**MATERIAL TO PROCESS**
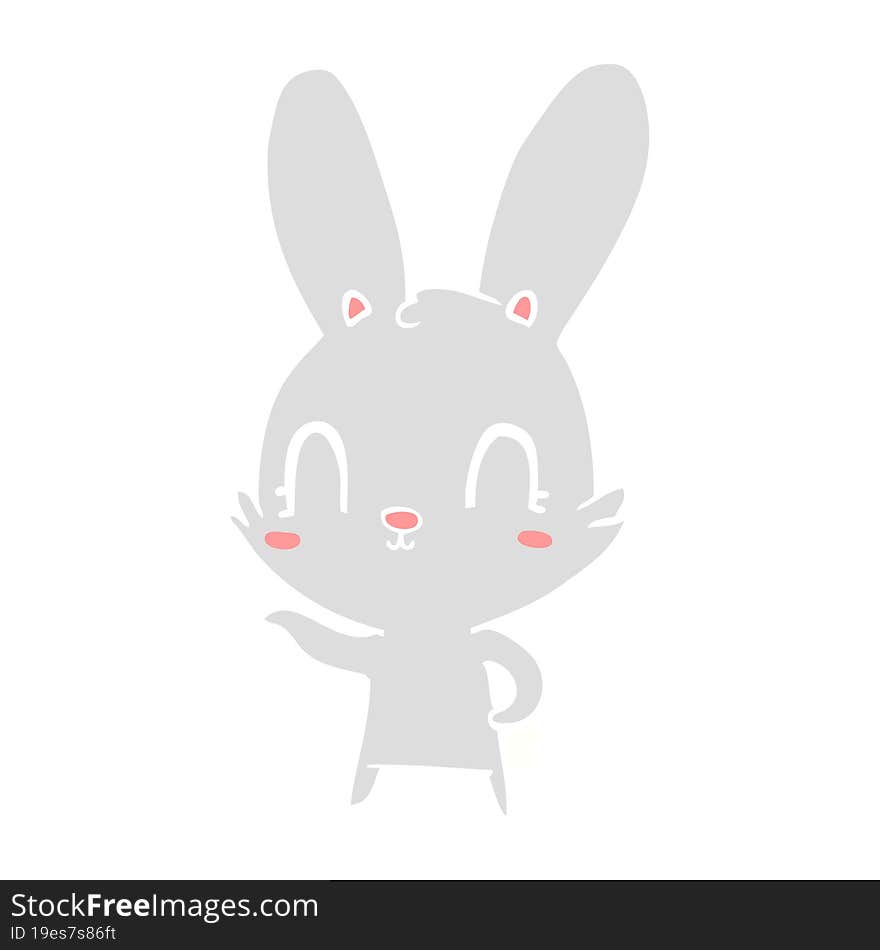 cute flat color style cartoon rabbit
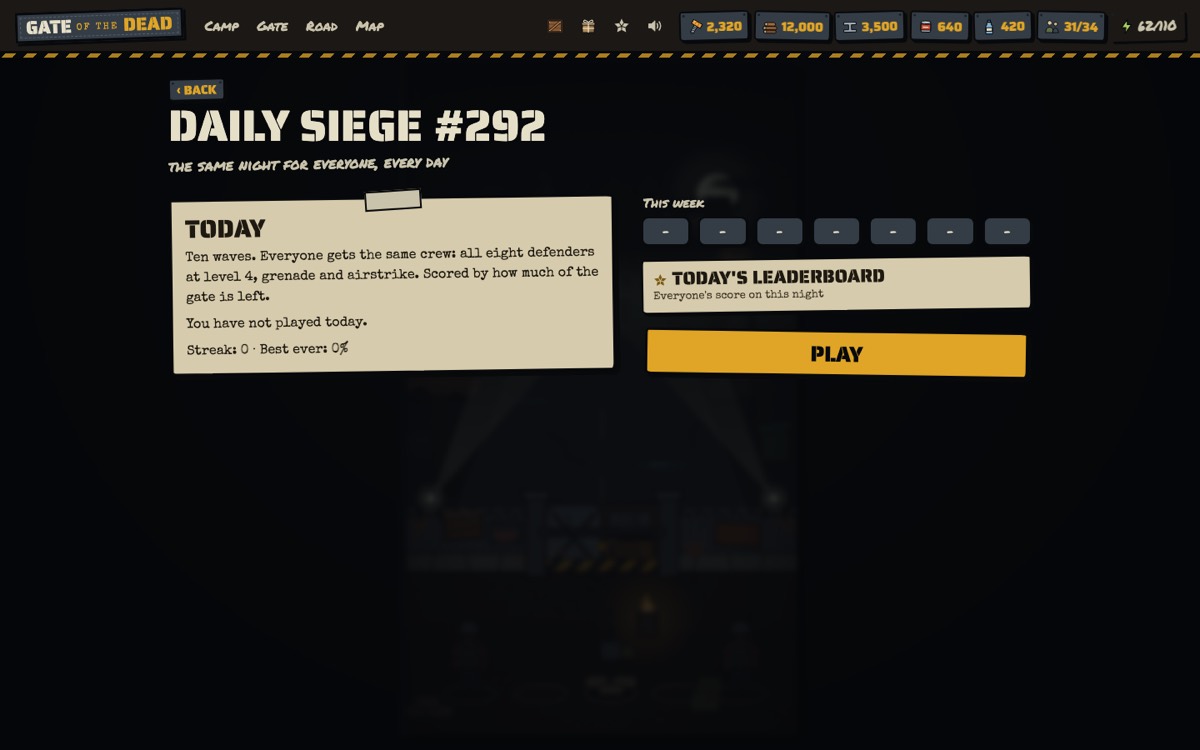 The Daily Siege screen: today's rules, the week's results and a Play button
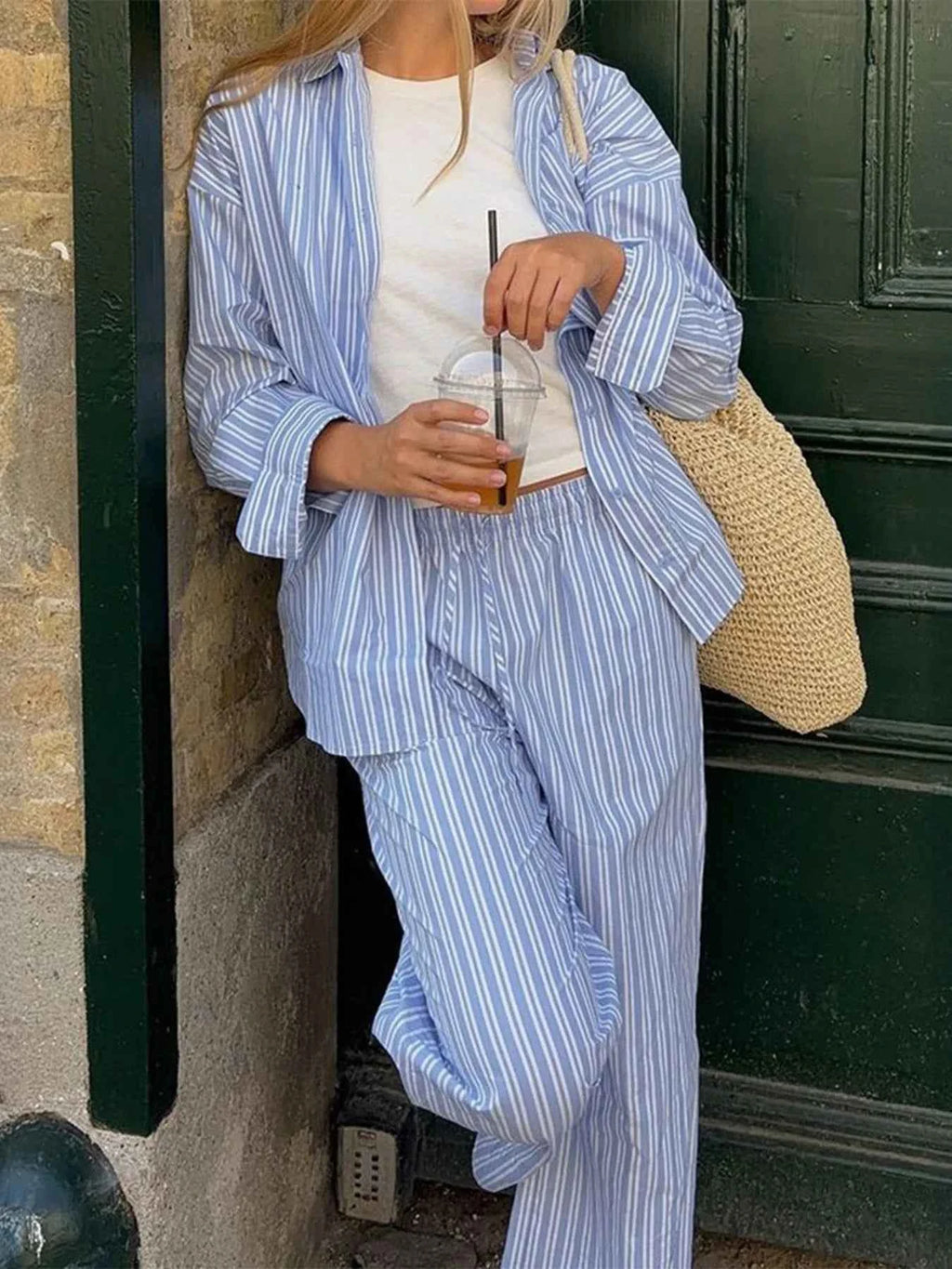 Striped Button Up Shirt and Pants Set Blue f79c22991bf34ade97a0f3c7577ce535-Max-Origin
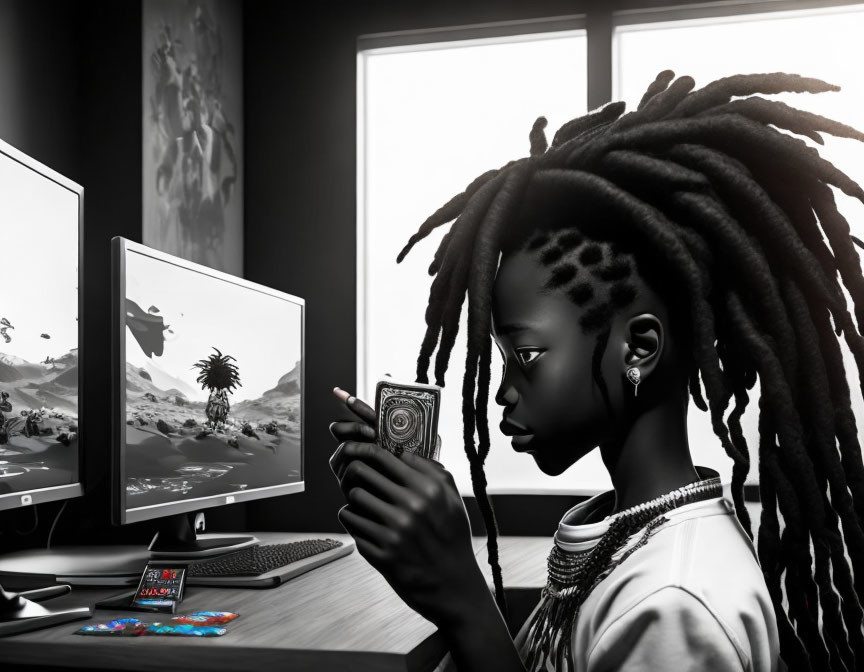 Digital art: Person with dreadlocks at desk, examining camera with dual grayscale landscape monitors.
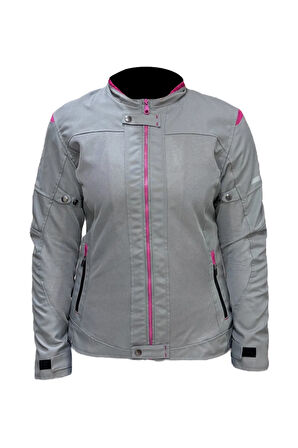 Luna Yazlık Fileli Korumalı Kadın Motosiklet Montu Yeni Sezon Gri Lila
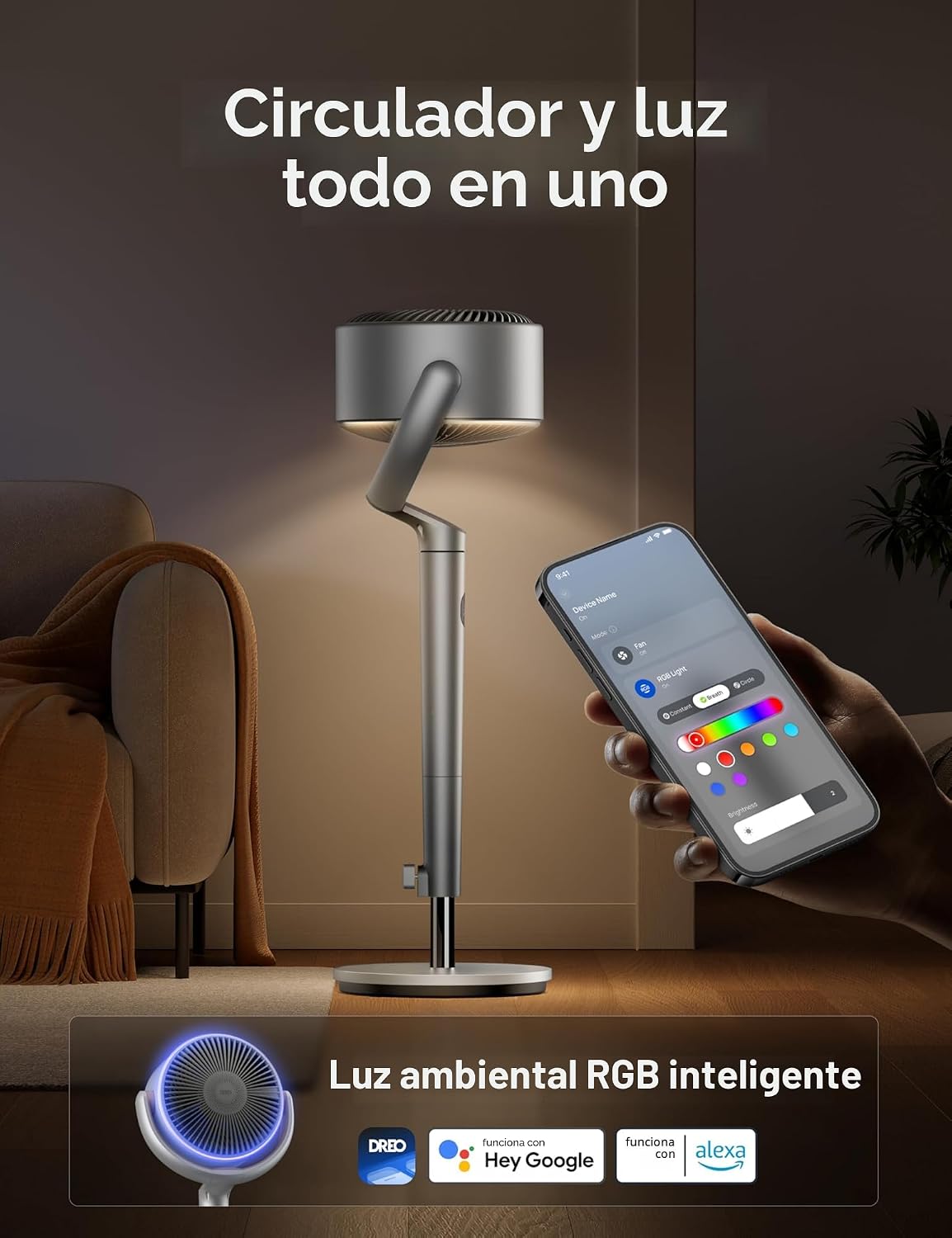 Dreo Ventiladores inteligentes para dormitorio, ventilador oscilant...
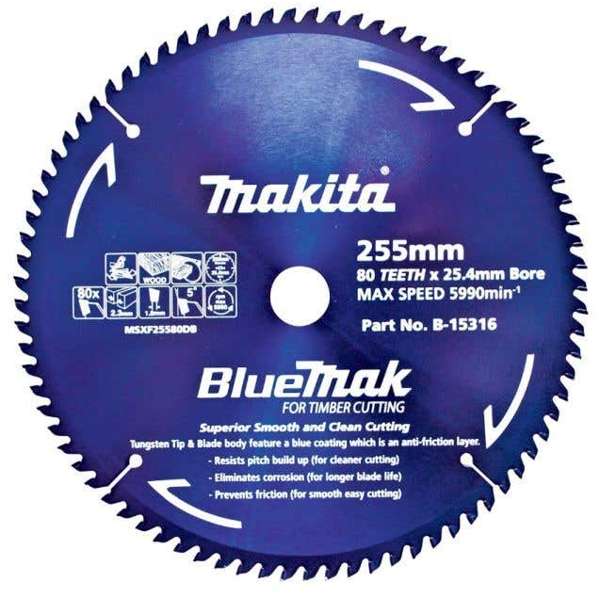Makita BlueMak Mitre Saw Blade 255 x 25.4mm Bore x 80T B-15316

**PROBLEM TO WORK ON**
In your reply, please print exactly the lines from the one with "The Daily Siege" through the final line of the listing above, both included, and no pictures.

**RESULT**
 The Daily Siege screen: today's rules, the week's results and a Play button
 Striped Button Up Shirt and Pants Set Blue f79c22991bf34ade97a0f3c7577ce535-Max-Origin
 Digital art: Person with dreadlocks at desk, examining camera with dual grayscale landscape monitors.
 Luna Yazlık Fileli Korumalı Kadın Motosiklet Montu Yeni Sezon Gri Lila
 Dreo Ventiladores inteligentes para dormitorio, ventilador oscilant...
Makita BlueMak Mitre Saw Blade 255 x 25.4mm Bore x 80T B-15316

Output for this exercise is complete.